- Instructions for the task -
Output every entry below word for word, minus the images.

[Source material Boundary: Start]

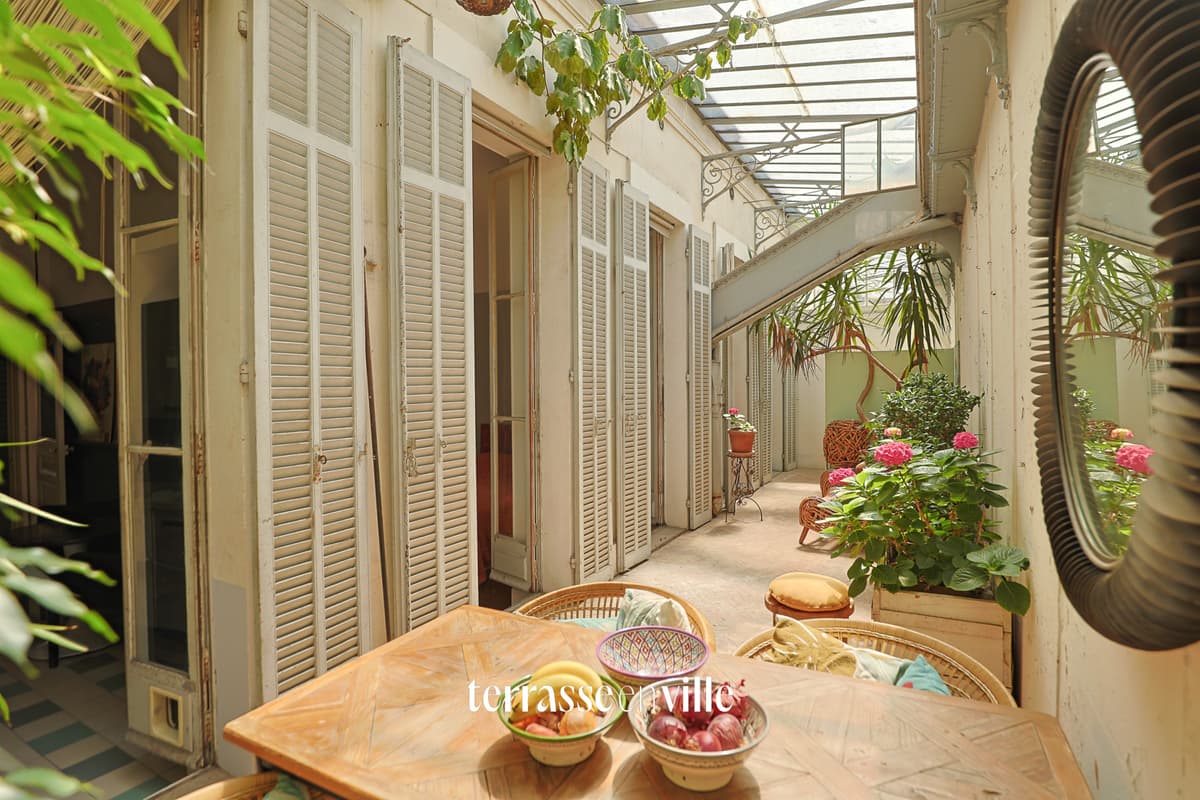 EXCLUSIVITE - LES REFORMES - 132M2 - T4 - TERRASSE - 26M2 - CHAMBRES DE SERVICES - 500 000 €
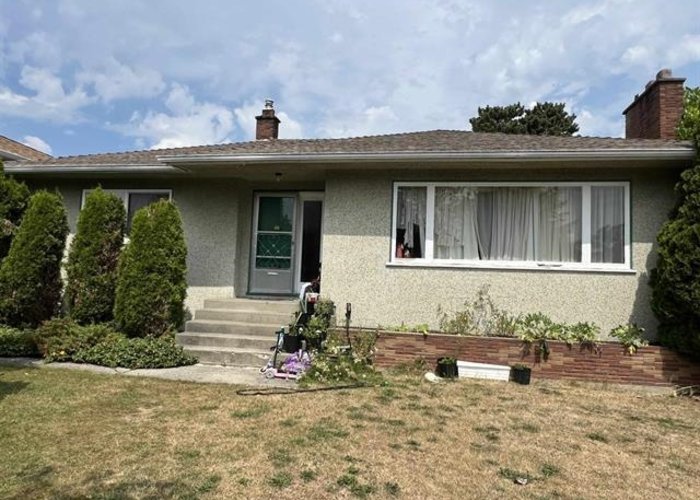 4881 Highlawn Drive, Burnaby, BC V5C 3T2 |  Photo 1
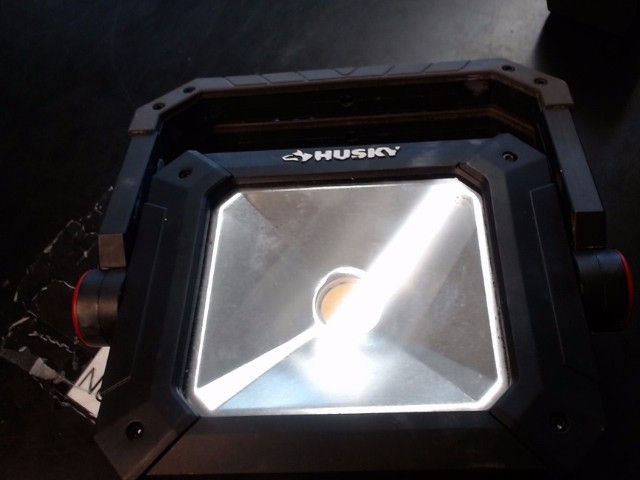 Husky Tools Work Light EL2206-10W7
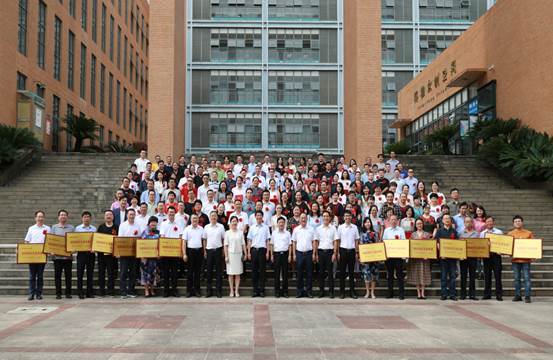 说明: E:\办公资料\照片与视频\海燕政策研究论坛线路1工作图片\2020年\9月\10日——庆祝第36教师节\精选图片\330A5172.JPG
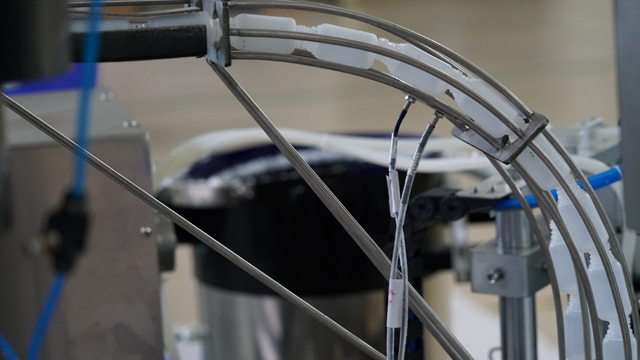 şüşə qidalandırıcı.jpg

[Source material Boundary: End]

- Solution -
 EXCLUSIVITE - LES REFORMES - 132M2 - T4 - TERRASSE - 26M2 - CHAMBRES DE SERVICES - 500 000 €
 4881 Highlawn Drive, Burnaby, BC V5C 3T2 |  Photo 1
 Husky Tools Work Light EL2206-10W7
 说明: E:\办公资料\照片与视频\海燕政策研究论坛线路1工作图片\2020年\9月\10日——庆祝第36教师节\精选图片\330A5172.JPG
 şüşə qidalandırıcı.jpg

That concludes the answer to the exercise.